About this task: As the lines appear below, please set them down exactly, starting at the first and finishing with the one containing "Carnival Toys pruik".

Provided data:
=== Begin Enclosure ===

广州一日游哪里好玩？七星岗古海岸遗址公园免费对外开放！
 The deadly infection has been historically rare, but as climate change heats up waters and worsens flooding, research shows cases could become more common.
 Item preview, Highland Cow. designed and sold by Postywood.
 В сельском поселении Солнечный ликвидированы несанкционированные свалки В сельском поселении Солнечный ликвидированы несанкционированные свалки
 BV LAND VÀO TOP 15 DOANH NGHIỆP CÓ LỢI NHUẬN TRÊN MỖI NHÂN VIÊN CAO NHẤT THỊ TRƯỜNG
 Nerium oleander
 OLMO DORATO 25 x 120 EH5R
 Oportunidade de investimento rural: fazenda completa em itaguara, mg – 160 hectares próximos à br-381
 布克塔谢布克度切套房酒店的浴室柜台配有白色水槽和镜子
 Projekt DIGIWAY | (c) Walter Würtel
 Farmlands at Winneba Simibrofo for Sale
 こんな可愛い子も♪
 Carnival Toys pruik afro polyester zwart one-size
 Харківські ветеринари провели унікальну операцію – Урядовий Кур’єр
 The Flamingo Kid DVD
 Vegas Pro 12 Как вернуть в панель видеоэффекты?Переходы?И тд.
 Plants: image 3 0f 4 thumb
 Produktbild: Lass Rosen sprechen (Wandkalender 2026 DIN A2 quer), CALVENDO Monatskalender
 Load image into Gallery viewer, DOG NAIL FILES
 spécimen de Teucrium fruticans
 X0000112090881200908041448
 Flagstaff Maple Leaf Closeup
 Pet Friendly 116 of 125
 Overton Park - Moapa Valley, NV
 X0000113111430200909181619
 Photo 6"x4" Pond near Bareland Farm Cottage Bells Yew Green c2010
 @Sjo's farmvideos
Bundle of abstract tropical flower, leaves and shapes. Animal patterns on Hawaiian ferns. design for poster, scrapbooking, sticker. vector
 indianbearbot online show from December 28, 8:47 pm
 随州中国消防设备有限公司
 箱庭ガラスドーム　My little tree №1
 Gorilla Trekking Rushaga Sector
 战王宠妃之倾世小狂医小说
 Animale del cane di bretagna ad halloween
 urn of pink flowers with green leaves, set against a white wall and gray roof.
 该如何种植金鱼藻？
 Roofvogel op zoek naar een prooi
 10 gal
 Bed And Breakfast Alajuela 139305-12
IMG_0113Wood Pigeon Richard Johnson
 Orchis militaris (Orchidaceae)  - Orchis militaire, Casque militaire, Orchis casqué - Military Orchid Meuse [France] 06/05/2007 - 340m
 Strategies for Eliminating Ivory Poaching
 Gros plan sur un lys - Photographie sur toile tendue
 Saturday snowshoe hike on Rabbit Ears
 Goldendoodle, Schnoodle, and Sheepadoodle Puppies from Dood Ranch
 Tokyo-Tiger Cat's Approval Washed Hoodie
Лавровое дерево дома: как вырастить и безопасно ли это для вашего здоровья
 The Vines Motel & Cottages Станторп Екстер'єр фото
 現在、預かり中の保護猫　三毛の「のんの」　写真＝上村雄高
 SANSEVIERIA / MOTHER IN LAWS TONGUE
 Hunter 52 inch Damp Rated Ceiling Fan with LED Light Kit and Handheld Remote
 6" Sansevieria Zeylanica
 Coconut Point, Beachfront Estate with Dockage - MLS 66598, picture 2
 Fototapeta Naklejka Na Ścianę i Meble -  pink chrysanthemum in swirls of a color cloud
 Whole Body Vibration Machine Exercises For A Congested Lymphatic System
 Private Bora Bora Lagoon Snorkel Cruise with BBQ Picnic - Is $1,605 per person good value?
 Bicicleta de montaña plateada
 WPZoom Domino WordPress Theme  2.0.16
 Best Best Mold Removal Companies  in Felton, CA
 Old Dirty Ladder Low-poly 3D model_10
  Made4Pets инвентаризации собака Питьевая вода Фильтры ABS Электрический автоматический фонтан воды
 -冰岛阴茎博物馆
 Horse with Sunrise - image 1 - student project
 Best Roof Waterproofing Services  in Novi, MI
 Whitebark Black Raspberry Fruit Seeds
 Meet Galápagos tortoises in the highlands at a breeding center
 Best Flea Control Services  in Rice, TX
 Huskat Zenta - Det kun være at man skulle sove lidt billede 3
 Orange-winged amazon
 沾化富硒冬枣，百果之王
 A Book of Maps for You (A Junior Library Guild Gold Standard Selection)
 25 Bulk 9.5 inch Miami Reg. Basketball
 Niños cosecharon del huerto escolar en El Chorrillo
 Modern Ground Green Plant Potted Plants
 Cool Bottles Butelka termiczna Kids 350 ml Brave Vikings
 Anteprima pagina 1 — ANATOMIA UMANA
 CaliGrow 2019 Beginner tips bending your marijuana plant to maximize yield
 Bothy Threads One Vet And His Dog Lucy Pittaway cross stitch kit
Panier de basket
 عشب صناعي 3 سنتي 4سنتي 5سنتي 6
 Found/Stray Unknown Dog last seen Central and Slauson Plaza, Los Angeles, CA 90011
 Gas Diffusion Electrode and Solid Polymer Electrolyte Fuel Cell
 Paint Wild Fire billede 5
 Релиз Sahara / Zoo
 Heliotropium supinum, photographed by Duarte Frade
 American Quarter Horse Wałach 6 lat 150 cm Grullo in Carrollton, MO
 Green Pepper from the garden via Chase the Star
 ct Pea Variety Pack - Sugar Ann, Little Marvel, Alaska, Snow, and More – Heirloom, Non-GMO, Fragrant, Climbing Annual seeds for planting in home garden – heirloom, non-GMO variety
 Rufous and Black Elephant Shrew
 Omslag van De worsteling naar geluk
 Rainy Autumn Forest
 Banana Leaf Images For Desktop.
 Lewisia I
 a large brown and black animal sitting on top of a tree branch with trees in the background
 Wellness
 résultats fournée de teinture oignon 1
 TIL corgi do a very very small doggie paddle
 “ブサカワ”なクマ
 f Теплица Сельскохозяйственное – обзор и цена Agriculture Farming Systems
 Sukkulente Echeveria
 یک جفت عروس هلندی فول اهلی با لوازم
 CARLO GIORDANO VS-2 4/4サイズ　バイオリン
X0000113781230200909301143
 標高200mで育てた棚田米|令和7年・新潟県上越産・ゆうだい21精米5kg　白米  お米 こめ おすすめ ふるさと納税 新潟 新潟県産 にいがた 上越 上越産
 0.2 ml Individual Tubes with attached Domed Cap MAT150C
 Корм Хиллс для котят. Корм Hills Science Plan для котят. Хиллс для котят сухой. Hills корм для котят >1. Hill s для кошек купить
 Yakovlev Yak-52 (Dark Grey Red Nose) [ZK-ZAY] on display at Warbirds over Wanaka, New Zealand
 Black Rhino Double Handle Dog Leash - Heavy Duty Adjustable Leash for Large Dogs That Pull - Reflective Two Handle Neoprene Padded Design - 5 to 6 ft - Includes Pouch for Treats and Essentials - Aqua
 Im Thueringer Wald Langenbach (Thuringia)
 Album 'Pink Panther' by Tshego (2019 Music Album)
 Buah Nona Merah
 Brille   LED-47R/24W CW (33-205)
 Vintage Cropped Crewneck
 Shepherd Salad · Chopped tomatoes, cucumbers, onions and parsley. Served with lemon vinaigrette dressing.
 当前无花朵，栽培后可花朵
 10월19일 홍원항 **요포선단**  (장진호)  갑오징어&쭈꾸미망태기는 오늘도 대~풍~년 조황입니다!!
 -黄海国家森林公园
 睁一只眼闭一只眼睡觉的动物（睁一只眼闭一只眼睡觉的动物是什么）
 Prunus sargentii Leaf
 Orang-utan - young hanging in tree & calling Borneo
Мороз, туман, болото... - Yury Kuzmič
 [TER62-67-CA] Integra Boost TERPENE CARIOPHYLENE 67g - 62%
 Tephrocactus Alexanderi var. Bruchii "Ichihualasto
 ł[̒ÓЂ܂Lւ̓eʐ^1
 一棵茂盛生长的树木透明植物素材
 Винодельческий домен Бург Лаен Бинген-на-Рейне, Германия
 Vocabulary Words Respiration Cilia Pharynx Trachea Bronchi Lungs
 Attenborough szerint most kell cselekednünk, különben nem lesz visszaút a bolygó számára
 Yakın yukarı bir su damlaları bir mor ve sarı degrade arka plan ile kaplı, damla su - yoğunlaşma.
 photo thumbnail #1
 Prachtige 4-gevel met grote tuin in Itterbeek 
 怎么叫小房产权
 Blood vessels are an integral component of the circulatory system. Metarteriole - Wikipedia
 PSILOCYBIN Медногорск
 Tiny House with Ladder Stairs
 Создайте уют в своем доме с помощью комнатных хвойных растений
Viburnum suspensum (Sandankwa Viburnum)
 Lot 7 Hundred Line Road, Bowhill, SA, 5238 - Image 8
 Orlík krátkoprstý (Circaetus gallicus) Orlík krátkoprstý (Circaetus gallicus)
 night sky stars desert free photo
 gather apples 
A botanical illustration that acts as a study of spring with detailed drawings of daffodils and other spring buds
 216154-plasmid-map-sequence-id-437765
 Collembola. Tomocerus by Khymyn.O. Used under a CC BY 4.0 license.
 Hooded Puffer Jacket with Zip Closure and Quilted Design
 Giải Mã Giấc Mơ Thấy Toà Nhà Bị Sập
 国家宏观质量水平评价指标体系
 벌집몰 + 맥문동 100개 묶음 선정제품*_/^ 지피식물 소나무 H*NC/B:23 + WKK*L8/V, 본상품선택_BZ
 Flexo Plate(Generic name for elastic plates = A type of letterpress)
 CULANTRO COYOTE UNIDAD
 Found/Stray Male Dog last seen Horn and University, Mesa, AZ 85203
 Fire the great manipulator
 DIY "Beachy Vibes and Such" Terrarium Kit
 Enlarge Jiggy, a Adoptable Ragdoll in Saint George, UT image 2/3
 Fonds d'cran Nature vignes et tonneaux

=== End Enclosure ===

Your solution:
广州一日游哪里好玩？七星岗古海岸遗址公园免费对外开放！
 The deadly infection has been historically rare, but as climate change heats up waters and worsens flooding, research shows cases could become more common.
 Item preview, Highland Cow. designed and sold by Postywood.
 В сельском поселении Солнечный ликвидированы несанкционированные свалки В сельском поселении Солнечный ликвидированы несанкционированные свалки
 BV LAND VÀO TOP 15 DOANH NGHIỆP CÓ LỢI NHUẬN TRÊN MỖI NHÂN VIÊN CAO NHẤT THỊ TRƯỜNG
 Nerium oleander
 OLMO DORATO 25 x 120 EH5R
 Oportunidade de investimento rural: fazenda completa em itaguara, mg – 160 hectares próximos à br-381
 布克塔谢布克度切套房酒店的浴室柜台配有白色水槽和镜子
 Projekt DIGIWAY | (c) Walter Würtel
 Farmlands at Winneba Simibrofo for Sale
 こんな可愛い子も♪
 Carnival Toys pruik afro polyester zwart one-size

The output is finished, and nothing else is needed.